O Pé-de-Meia busca garantir que o jovem não precise sair da escola para trabalhar, mas não é só um programa de transferência, há contrapartidas. Se ele não frequenta a aula, não recebe. Também não recebe a poupança se não passar de ano. E ainda envolve educação financeira, a autoestima do jovem.
O Pé-de-Meia representa gastos de R$ 12 bilhões. Recursos para alfabetização e tempo integral não passam de R$ 2 bilhões, e as universidades federais enfrentam dificuldades. Não é um orçamento muito alto e desequilibrado?
Você está olhando para as despesas discricionárias. Mas hoje o Fundeb fica em torno de R$ 350 bilhões. A complementação da União ao fundo é de R$ 56 bilhões. Com ensino superior são mais de R$ 80 bilhões.
Esse é um grande investimento do país porque não está só no aspecto da permanência. Há impacto na economia futura, com a qualificação de mão de obra, e impacto social, porque esse menino não vai para a droga, criminalidade. Multiplica-se muitas vezes o impacto do ponto de vista social e econômico.
O plano é universalizar o Pé-de-Meia já no ano que vem?
Eu vou lutar por isso. O [ministro da Fazenda, Fernando] Haddad curtiu isso.
Na discussão sobre compensação para IOF, aventou-se reduzir a parcela da União ao Fundeb, o que acabou ficando de fora. Como vê essa proposta?
Eu me posiciono totalmente contra. O investimento por aluno no ensino superior no Brasil já é no nível dos países desenvolvidos. Mas, quando vai para o ensino básico, é um terço. Então é importante ter mais. Agora, claro que precisamos melhorar a governança, cobrar mais resultados.

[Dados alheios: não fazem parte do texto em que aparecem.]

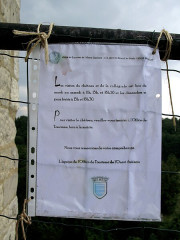 Ruines du château - 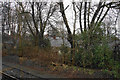 Rooftops through the trees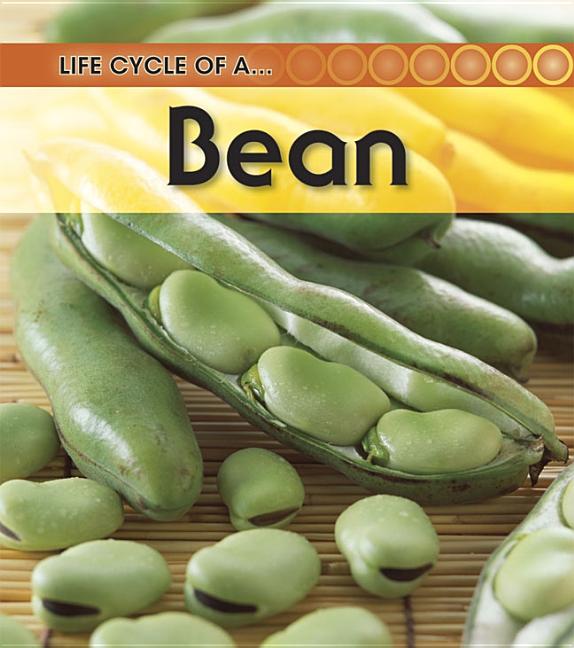 Broad Bean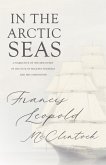 In the Arctic Seas - A Narrative of the Discovery of the Fate of Sir John Franklin and his Companions (eBook, ePUB)
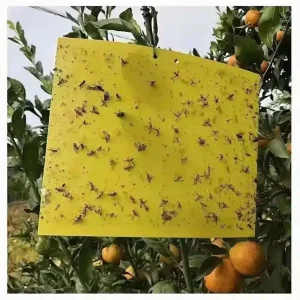 New Indoor Yellow Plastic Sticky Bug Traps Solid State High Efficiency Eco Friendly Waterproof Mosquito Fruit Fly Catcher for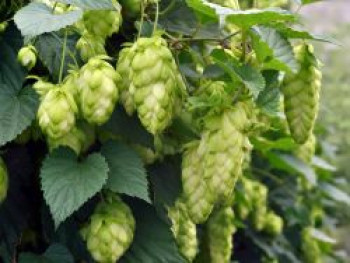 Hopfen &#8218;Magnum&#8216;, Humulus lupulus &#8218;Magnum&#8216;, Containerware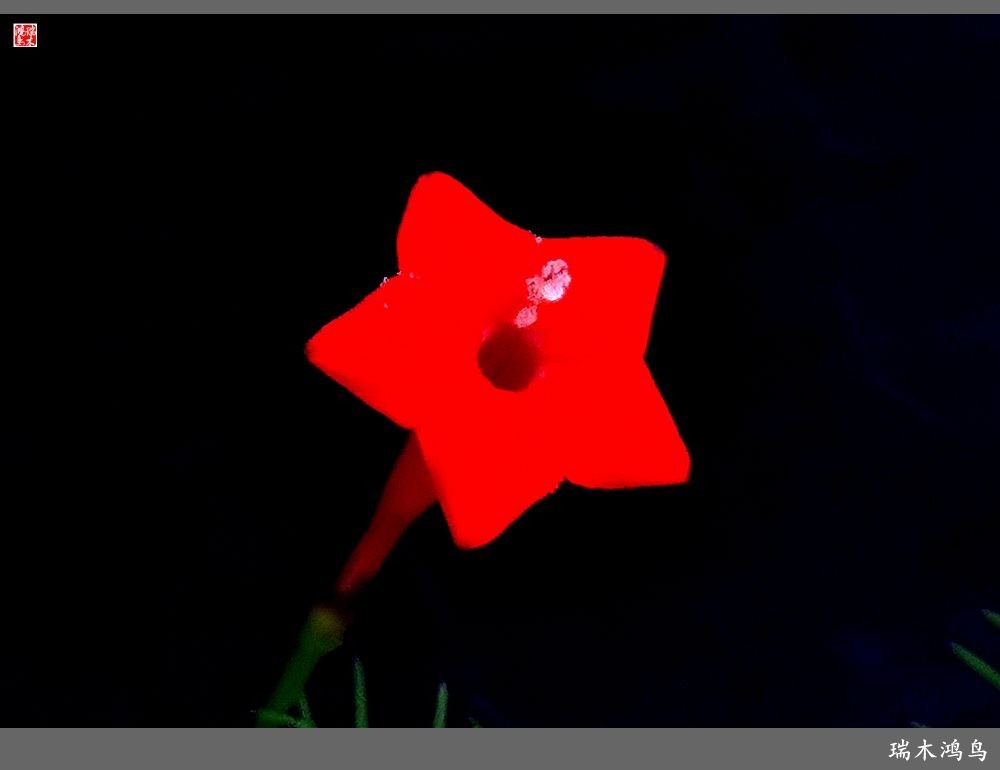 【2023之花季】松萝共依的茑萝松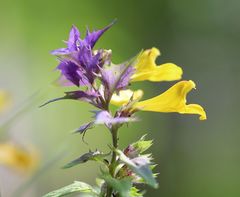 Melampyrum subalpinum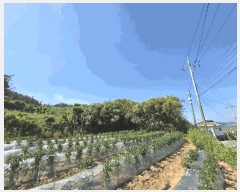  2025Ÿ51142  žȱ  ڵ 955      ()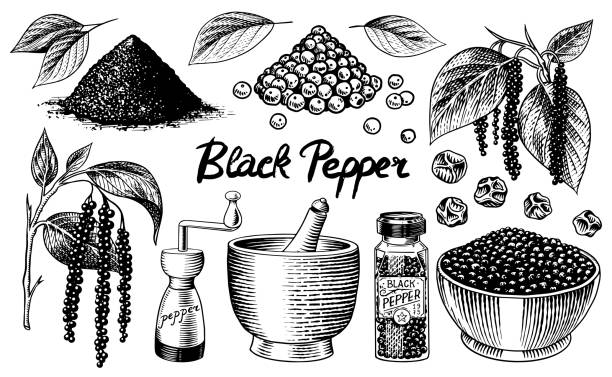 Detail Pictures Of Black Pepper Nomer 55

Também reapareceu a ideia de acabar com os pisos de gastos em educação e saúde.
Também sou contra. Se tira, cria condições para reduzir. E, ao contrário, devemos aumentar e garantir que o país cumpra a lei que está aprovada, que é o PNE, de garantir 10% do PIB para a educação.

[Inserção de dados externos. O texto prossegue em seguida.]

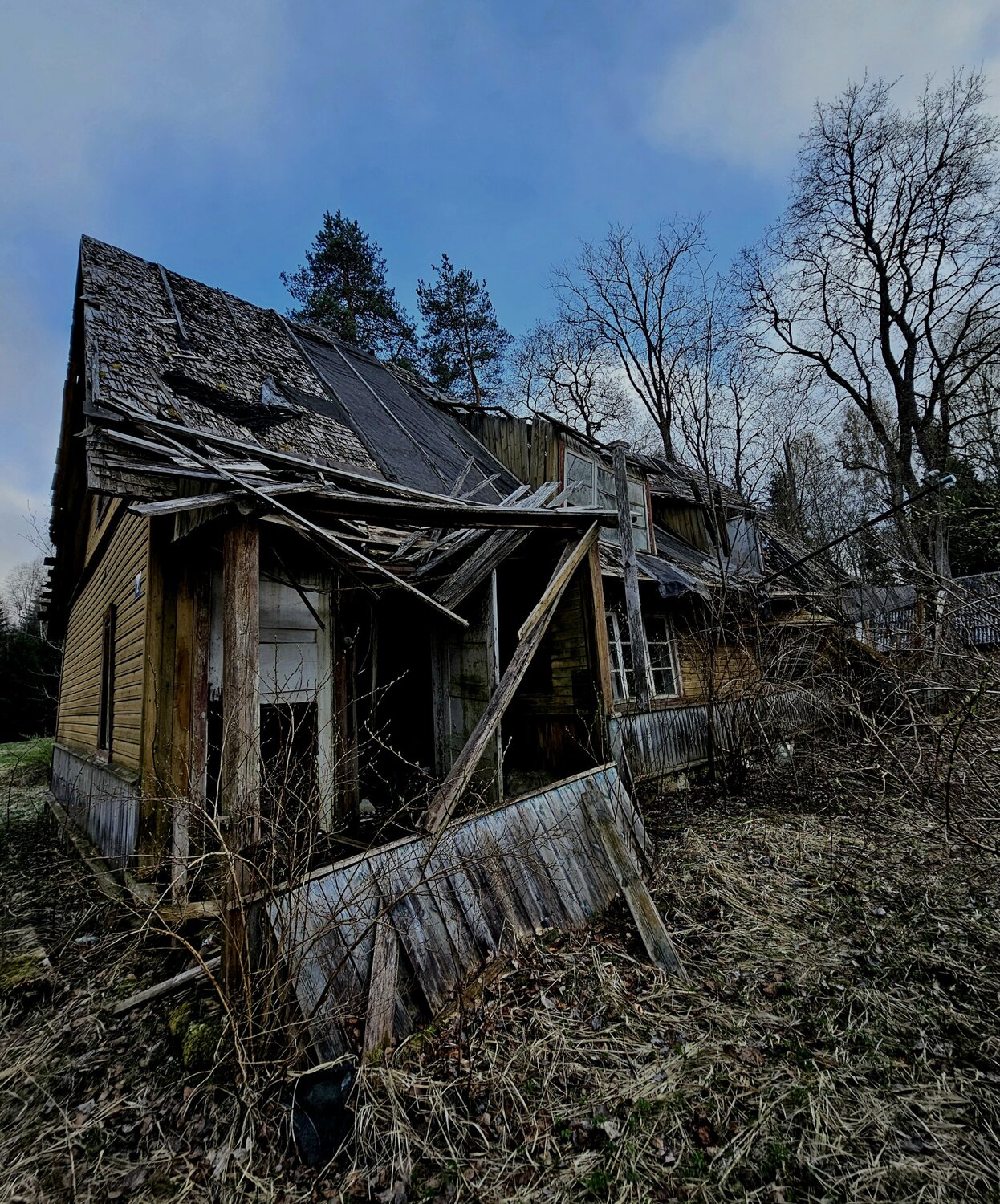 Photo #14041454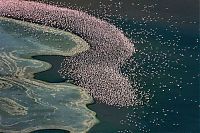 Fauna & Flora: Pink blanket of flamingos, Rift Valley lakes, Nakuru Lake National Park, Kenya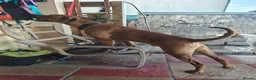 Mixed Breed dogs for sale: Kobie - doberman  ** tiff  in Bargoed - Advert 12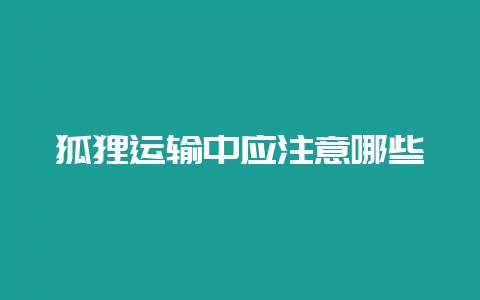 狐狸运输中应注意哪些-会东网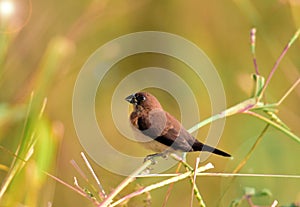 Finch - The scaly-breasted munia or spotted munia Lonchura punctulata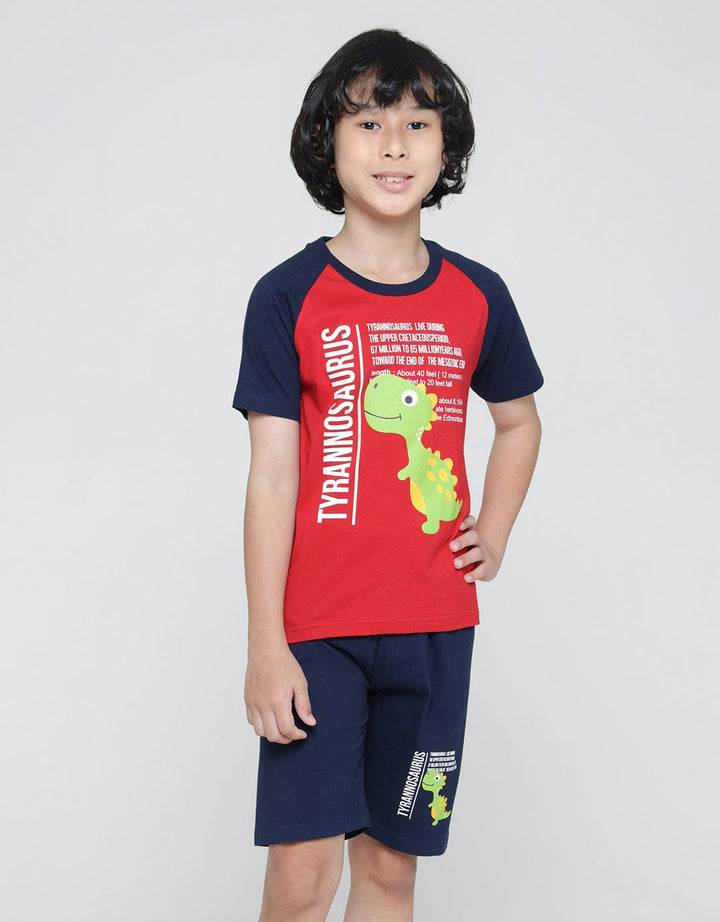 Little M Dino Raglan Tshirt Set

Por outro lado, o governo incluiu o Pé-de-Meia no cálculo do piso constitucional, o que pode reduzir o orçamento do MEC. Qual será o impacto?
Não acredito que vá ter repercussão. Nem pode. Temos uma despesa obrigatória, programas em andamento. Defendi que a educação estivesse fora do arcabouço. Precisamos fazer investimento forte e aproveitar essa janela de oportunidade enquanto o Brasil está começando a envelhecer. A gente tem de investir forte na juventude e não ficar sempre nesse passo lento em relação a outros países que conseguiram dar um salto de forma mais rápida.

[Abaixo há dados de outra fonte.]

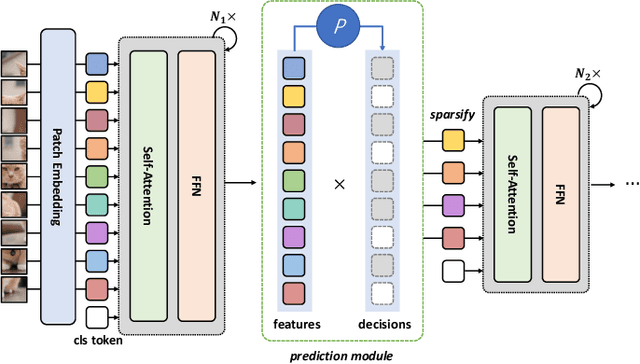 Figure 3 for Dynamic Spatial Sparsification for Efficient Vision Transformers and Convolutional Neural Networks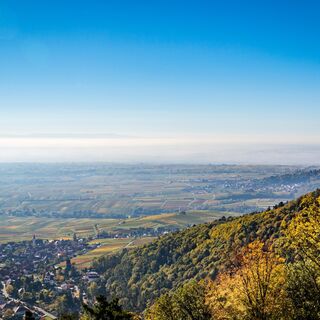 Aussicht von der Rietburg, Rhodt und Weyher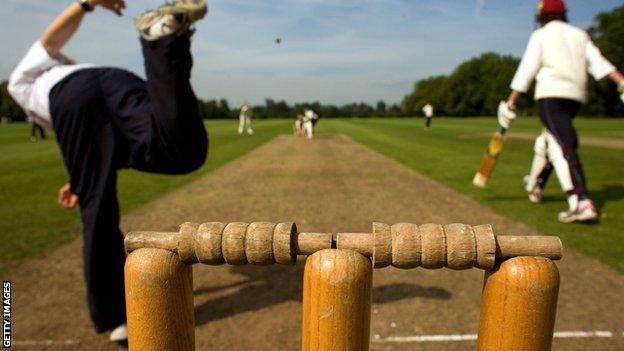 School cricket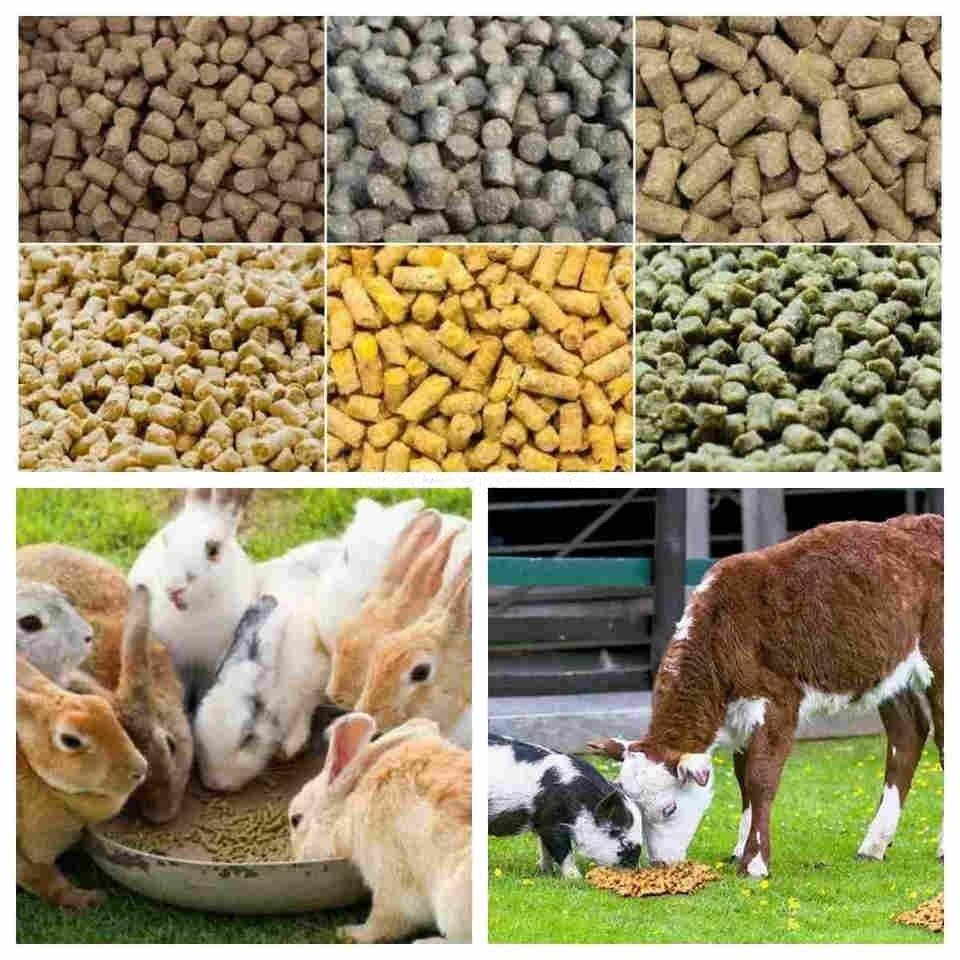 Fish feed pellet machine producing floating pellets for Philippine aquaculture farms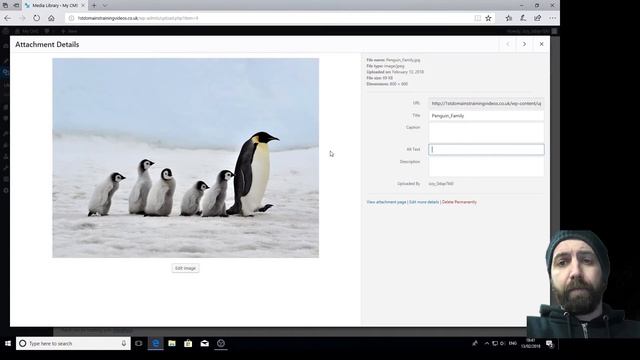 Upload an image to WordPress смотреть онлайн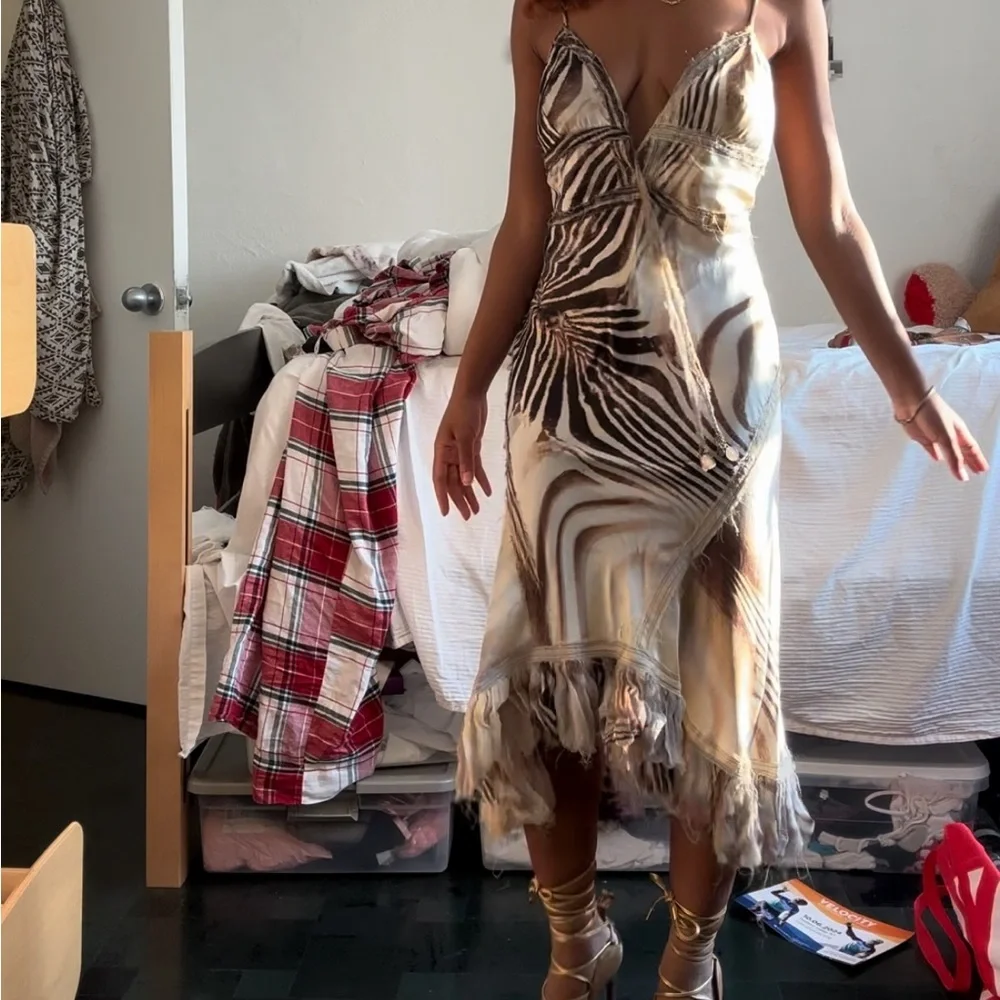 Roberto Cavalli Zebra Dress Sz medium. Message before buying!! - Picture 1 of 5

Hoje o Pé-de-Meia é a principal vitrine do governo, mas o senhor acha que ações do MEC podem colaborar para reverter a baixa popularidade de Lula de olho nas eleições?
Quando começarmos a debater, vamos comparar. Ir para uma reeleição sempre é um plebiscito. Vamos comparar os quatro anos do Bolsonaro com os quatro anos do Lula. Não estou falando só numa área, mas em todas. Inflação melhor, temos pleno emprego, menor índice de desigualdade, aumentamos a renda média, PIB crescendo, o Brasil tirou, em um ano, 15 milhões de brasileiros da fome. Lula é um candidato imbatível, independentemente de quem seja o concorrente.
Raio-X
Camilo Santana, 57, é ministro da Educação desde 2023. É engenheiro agrônomo, com mestrado em desenvolvimento e meio ambiente. Foi duas vezes governador do Ceará e, em 2022, elegeu-se senador pelo PT.